No I haven't removed the motor and checked if the pump is building pressure or cleaned the filter. I'd assume it wouldnt be able to move right if it didn't have good pressure though? The electric motor runs fine. Doesn't seem to struggle.


----------



## Randall Ave (Oct 29, 2014)

You have checked the valves for current with a test light when trying to operate the plow, a lot of the times it is bad connections at the nine pin plug. And the ground is good at the small black wire to the motor stud?


----------



## Western_Ben (Dec 10, 2019)

Randall Ave said:


> You have checked the valves for current with a test light when trying to operate the plow, a lot of the times it is bad connections at the nine pin plug. And the ground is good at the small black wire to the motor stud?


Haven't checked current with test light, I've been bypassing the harness with jump wires. I believe the ground is good. I just don't see how I could have an issue with bad connections when I'm jumping straight from the battery to the valve...


----------



## Randall Ave (Oct 29, 2014)

If you have pressure, and you are putting current and ground to S-2 & S-, and you are not getting anything, I would be taking the valve block apart and checking the reliefs and the pilot check valve for dirt/damage.


----------



## Western_Ben (Dec 10, 2019)

Randall Ave said:


> If you have pressure, and you are putting current and ground to S-2 & S-, and you are not getting anything, I would be taking the valve block apart and checking the reliefs and the pilot check valve for dirt/damage.

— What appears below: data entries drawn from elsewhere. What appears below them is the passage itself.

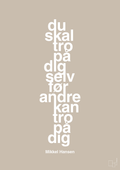 plakat: du skal tro på dig selv før andre kan tro på dig - creamy mushroom-Håndbold-A1two3
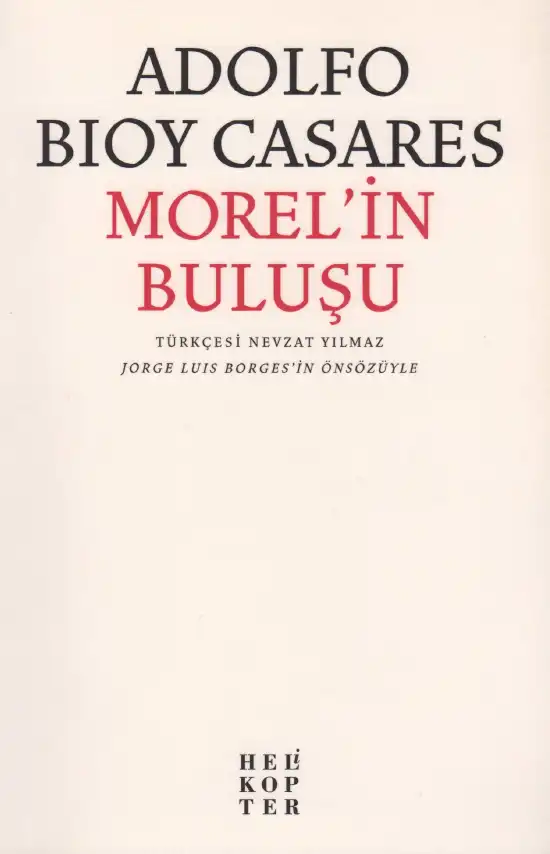 Morel'in Buluşu — Adolfo Bioy Casares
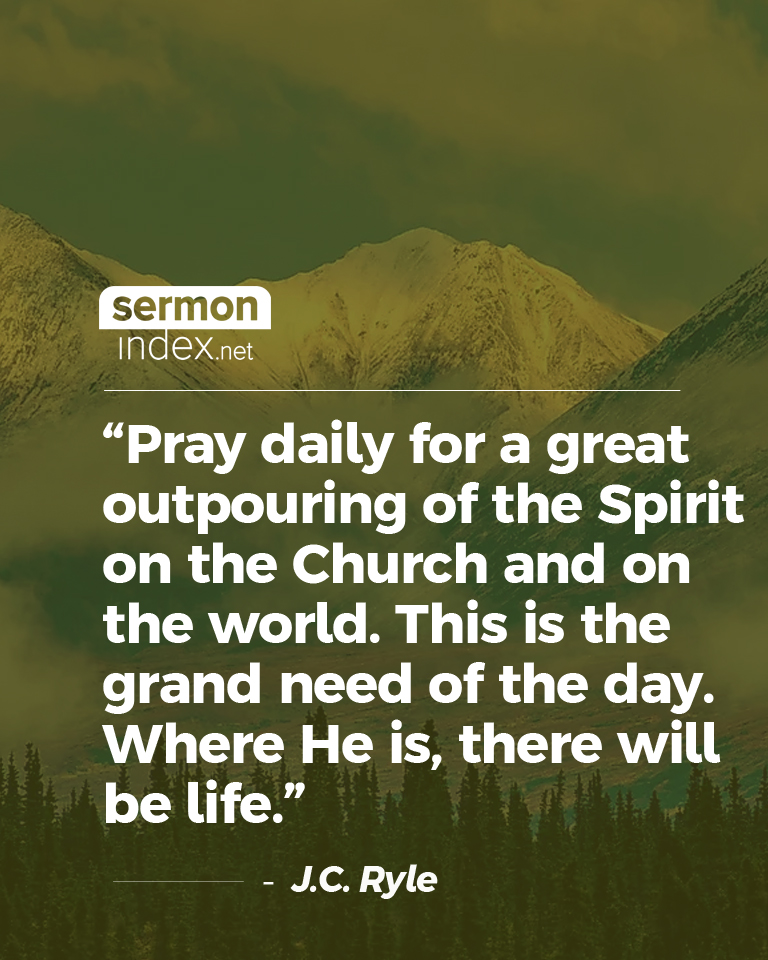 sermonindex's tweet image. "Pray daily for a great outpouring of the Spirit on the Church and on the world. This is the grand need of the day. Where He is, there will be life." - J.C. Ryle
#jcryle #praydaily #greatoutpouring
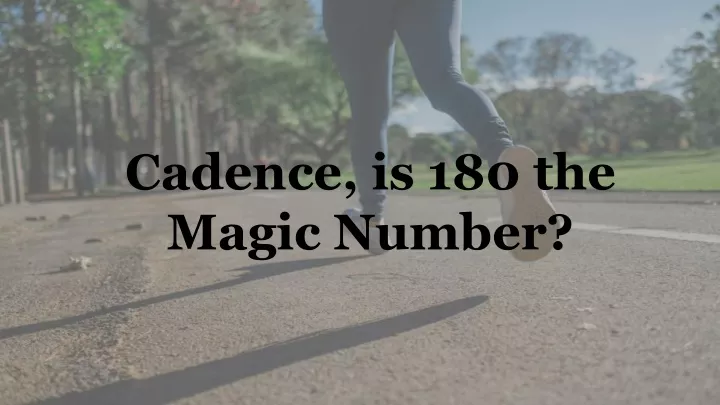 cadence is 180 the magic number
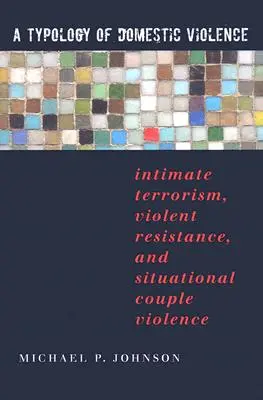 Typológia domáceho násilia: Intimný terorizmus, násilný odpor a situačné násilie v páre - A Typology of Domestic Violence: Intimate Terrorism, Violent Resistance, and Situational Couple Violence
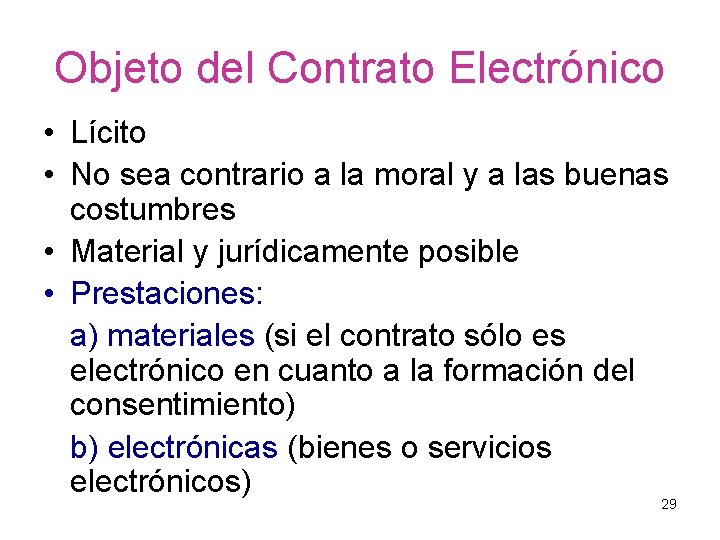 Objeto del Contrato Electrónico • Lícito • No sea contrario a la moral y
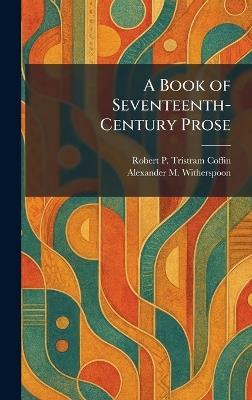 A Book of Seventeenth-Century Prose - Robert P Tristram Coffin,Alexander M Witherspoon - cover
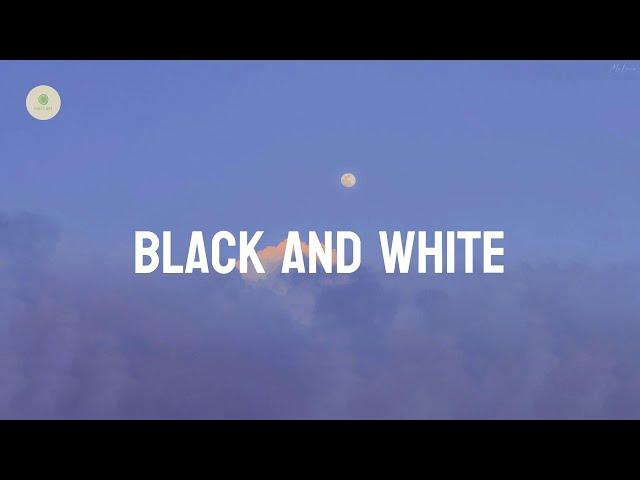 Niall Horan - Black And White (lyrics)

Thanks Randall, I'll check that out!


----------



## Western_Ben (Dec 10, 2019)

Randall Ave said:


> If you have pressure, and you are putting current and ground to S-2 & S-, and you are not getting anything, I would be taking the valve block apart and checking the reliefs and the pilot check valve for dirt/damage.


I'm an idiot. I've been hooking jumper cables to the opposite posts Thankfully I didn't fry anything! Everything is working as it should. But for those who may try to test the s1 valve manually, it works when under pressure but you won't get any movement if it's outside of the valve manifold assembly.


----------



## Western1 (Dec 4, 2008)

I usually check movement with a small screwdriver or pick


----------



## Western_Ben (Dec 10, 2019)

Western1 said:


> I usually check movement with a small screwdriver or pick


Thanks, I thought since I could see the other two move just powering the coil that the s1 would work the same. Just a rookie I guess lol but I know way more about westerns now than I did a couple weeks ago so live and learn help others not make the same mistakes haha


----------



## Western1 (Dec 4, 2008)

Good info you have acquired!!!
Good luck this winter!


----------